As our dataset is imbalanced we are using a concept of weighted class in fitting the model.

In [None]:
# Adjusting the run_logistic_regression function to handle class imbalance by adding class_weight='balanced'

def run_logistic_regression_balanced(df ,features, target='TARGET'):
    # 1. Train Test split
    X_train, X_test, y_train, y_test = train_test_split(df[features], df[target], test_size=0.3, random_state=42)

    # 2. Normalize the data
    scaler = StandardScaler()
    X_train_scaled = scaler.fit_transform(X_train)
    X_test_scaled = scaler.transform(X_test)

    # 3. Fit the model with class_weight='balanced'
    model = LogisticRegression(random_state=42, class_weight='balanced')
    model.fit(X_train_scaled, y_train)

    # Predictions
    y_pred = model.predict(X_test_scaled)

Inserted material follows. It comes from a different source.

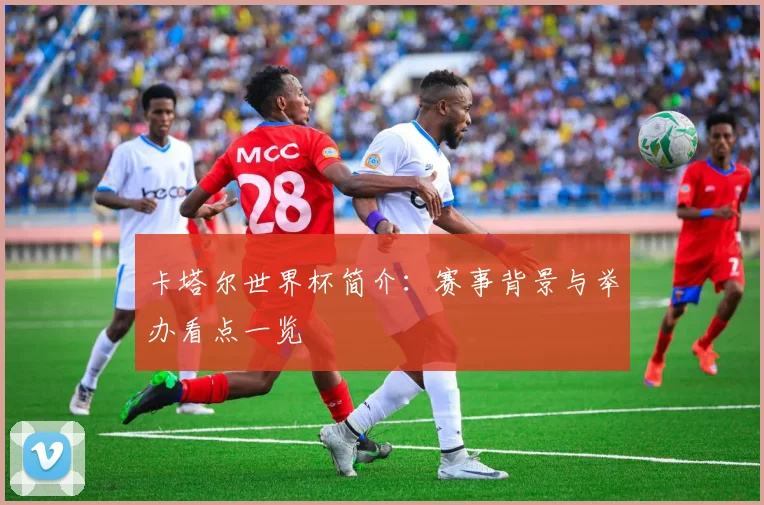 卡塔尔世界杯简介：赛事背景与举办看点一览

    # 4. Return the metrics
    metrics = {
        'accuracy': accuracy_score(y_test, y_pred),
        'precision': precision_score(y_test, y_pred),
        'recall': recall_score(y_test, y_pred),
        'f1': f1_score(y_test, y_pred),
        'roc_auc': roc_auc_score(y_test, model.predict_proba(X_test_scaled)[:, 1])
    }

    return metrics



In [None]:
df_copy.head(2)

In [None]:
# Define a function that compares the three models with balanced class weights and picks the best one based on a given metric
def compare_models_balanced(df, metric='roc_auc'):

  features_set_1 = ['age','loyalty', 'lor_M']
  features_set_2 = ['prod_A','prod_B', 'turnover_A','turnover_B']
  features_set_3 = ['prod_A','prod_B', 'age','loyalty']


  metrics_1 = run_logistic_regression_balanced(df, features_set_1)
  metrics_2 = run_logistic_regression_balanced(df,features_set_2)
  metrics_3 = run_logistic_regression_balanced(df,features_set_3)

  print("Model 1\t")
  print("Features: ",features_set_1)
  print("Metrics: ",metrics_1[metric])

  print("Model 2\t")
  print("Features: ",features_set_2)
  print("Metrics: ",metrics_2[metric])

  print("Model 3\t")
  print("Features: ",features_set_3)
  print("Metrics: ",metrics_3[metric])


  # Compare the models based on the specified metric
  best_metrics = max(metrics_1[metric], metrics_2[metric], metrics_3[metric])

  if best_metrics == metrics_1[metric]:
      best_model = 'Model 1'
      best_features = features_set_1
  elif best_metrics == metrics_2[metric]:
      best_model = 'Model 2'
      best_features = features_set_2
  else:
      best_model = 'Model 3'
      best_features = features_set_3


  print("\nBest Model \t")
  print(best_model)
  print("Features: ",best_features)
  print("Metrics: ",best_metrics)


  return best_model, best_features, best_metrics


# **Model Selection**

In [None]:

# Run the comparison of models with balanced class weights
best_model_balanced, best_features_balanced, best_metrics_balanced = compare_models_balanced(df_copy)

Based on comparing the 3 models we picked the model 2, considering the best roc_auc score.

# Conclusion

In conclusion, we have successfully prepared a model for the data science assignment. We started by cleaning the data and removing duplicates, followed by performing exploratory data analysis (EDA) and feature selection. We built three logistic regression models, each focusing on different sets of categories: demographic, product purchase, and a combination of both. After comparing the metrics of the three models using the ROC-AUC metric, we selected the best model, which is model 2. This model showed the highest performance based on our evaluation criteria.